All that should come back is the lines of the data below from the one containing "Into the Planet" to the one containing "Charakterisierung: Stranggepresste /", inclusive, exactly as they stand.
%%
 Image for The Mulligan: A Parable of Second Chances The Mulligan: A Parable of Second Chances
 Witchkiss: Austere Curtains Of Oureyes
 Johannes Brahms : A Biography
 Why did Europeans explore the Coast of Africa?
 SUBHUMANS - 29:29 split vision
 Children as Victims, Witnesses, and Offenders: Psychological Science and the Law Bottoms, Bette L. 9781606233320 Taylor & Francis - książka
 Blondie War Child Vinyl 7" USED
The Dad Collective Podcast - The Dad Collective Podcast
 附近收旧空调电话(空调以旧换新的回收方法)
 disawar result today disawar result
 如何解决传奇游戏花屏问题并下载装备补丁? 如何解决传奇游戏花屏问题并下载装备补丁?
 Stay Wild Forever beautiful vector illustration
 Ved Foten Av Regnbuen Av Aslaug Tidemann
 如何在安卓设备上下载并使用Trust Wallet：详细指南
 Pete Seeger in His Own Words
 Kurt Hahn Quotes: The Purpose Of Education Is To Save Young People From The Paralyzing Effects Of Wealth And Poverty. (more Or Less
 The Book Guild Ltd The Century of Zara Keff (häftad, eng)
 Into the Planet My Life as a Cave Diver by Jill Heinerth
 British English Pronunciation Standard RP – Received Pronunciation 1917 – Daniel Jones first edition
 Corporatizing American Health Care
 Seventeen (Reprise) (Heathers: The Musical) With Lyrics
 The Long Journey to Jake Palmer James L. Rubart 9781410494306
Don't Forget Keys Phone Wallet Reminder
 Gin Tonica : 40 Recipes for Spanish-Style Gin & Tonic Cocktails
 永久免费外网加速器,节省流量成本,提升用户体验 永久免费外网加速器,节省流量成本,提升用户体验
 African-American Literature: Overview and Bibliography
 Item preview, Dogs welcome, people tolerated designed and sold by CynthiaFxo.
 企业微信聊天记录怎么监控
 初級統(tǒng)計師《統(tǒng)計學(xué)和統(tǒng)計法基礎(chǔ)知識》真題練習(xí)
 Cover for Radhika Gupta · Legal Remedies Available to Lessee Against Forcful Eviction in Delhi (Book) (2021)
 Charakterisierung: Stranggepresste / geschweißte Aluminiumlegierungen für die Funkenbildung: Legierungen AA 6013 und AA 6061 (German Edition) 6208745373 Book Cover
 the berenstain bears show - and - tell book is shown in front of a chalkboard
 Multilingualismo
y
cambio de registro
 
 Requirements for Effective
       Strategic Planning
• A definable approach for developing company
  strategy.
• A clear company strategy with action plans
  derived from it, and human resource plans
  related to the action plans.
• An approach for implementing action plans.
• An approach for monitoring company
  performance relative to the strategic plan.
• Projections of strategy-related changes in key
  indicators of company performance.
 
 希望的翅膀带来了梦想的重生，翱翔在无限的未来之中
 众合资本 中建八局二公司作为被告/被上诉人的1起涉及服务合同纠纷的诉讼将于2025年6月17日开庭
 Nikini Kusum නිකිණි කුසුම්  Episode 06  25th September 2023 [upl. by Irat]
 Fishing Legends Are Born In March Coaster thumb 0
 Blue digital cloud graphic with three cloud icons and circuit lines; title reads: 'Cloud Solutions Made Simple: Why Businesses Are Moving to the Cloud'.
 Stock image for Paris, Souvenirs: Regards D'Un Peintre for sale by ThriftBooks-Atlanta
%%
▶ _COMPLETED EXERCISE_:
 Into the Planet My Life as a Cave Diver by Jill Heinerth
 British English Pronunciation Standard RP – Received Pronunciation 1917 – Daniel Jones first edition
 Corporatizing American Health Care
 Seventeen (Reprise) (Heathers: The Musical) With Lyrics
 The Long Journey to Jake Palmer James L. Rubart 9781410494306
Don't Forget Keys Phone Wallet Reminder
 Gin Tonica : 40 Recipes for Spanish-Style Gin & Tonic Cocktails
 永久免费外网加速器,节省流量成本,提升用户体验 永久免费外网加速器,节省流量成本,提升用户体验
 African-American Literature: Overview and Bibliography
 Item preview, Dogs welcome, people tolerated designed and sold by CynthiaFxo.
 企业微信聊天记录怎么监控
 初級統(tǒng)計師《統(tǒng)計學(xué)和統(tǒng)計法基礎(chǔ)知識》真題練習(xí)
 Cover for Radhika Gupta · Legal Remedies Available to Lessee Against Forcful Eviction in Delhi (Book) (2021)
 Charakterisierung: Stranggepresste / geschweißte Aluminiumlegierungen für die Funkenbildung: Legierungen AA 6013 und AA 6061 (German Edition) 6208745373 Book Cover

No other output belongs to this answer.